WORK TO BE COMPLETED: In the material below, find the line containing "Chic Floral V-Neck Short Sleeve Top" and the line containing "ওয়ালটন মিডিয়া কাপ". Output those two lines and all lines between them exactly, without pictures.

DATA RECORDS:
# # #
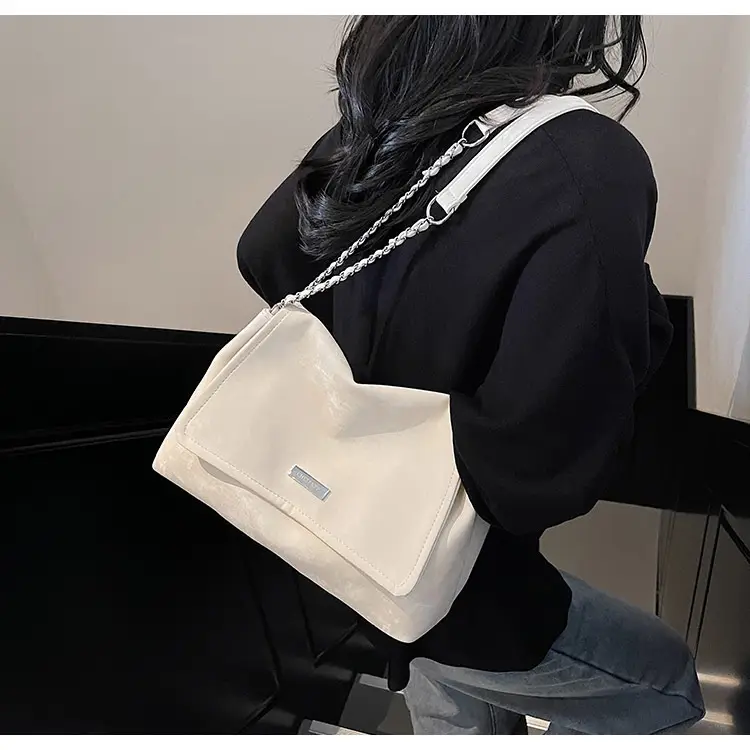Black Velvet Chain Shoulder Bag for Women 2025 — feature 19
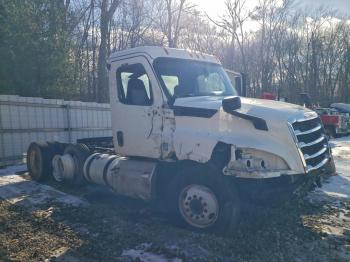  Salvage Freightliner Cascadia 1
# # #
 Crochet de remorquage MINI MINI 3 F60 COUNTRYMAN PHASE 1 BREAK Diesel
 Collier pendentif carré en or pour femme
# # #
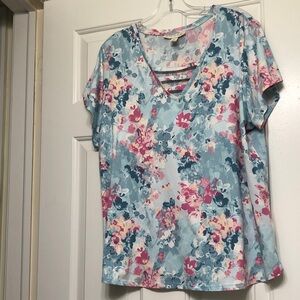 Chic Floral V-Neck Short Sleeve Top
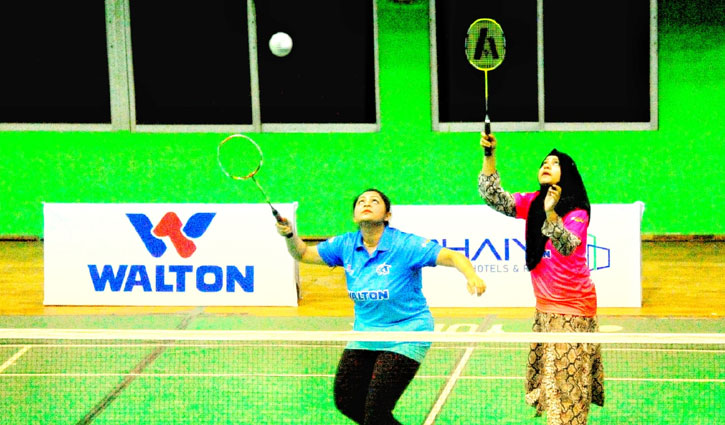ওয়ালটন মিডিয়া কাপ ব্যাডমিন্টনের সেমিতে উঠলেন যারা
# # #
REPLY TO THE TASK:
 Chic Floral V-Neck Short Sleeve Top
ওয়ালটন মিডিয়া কাপ ব্যাডমিন্টনের সেমিতে উঠলেন যারা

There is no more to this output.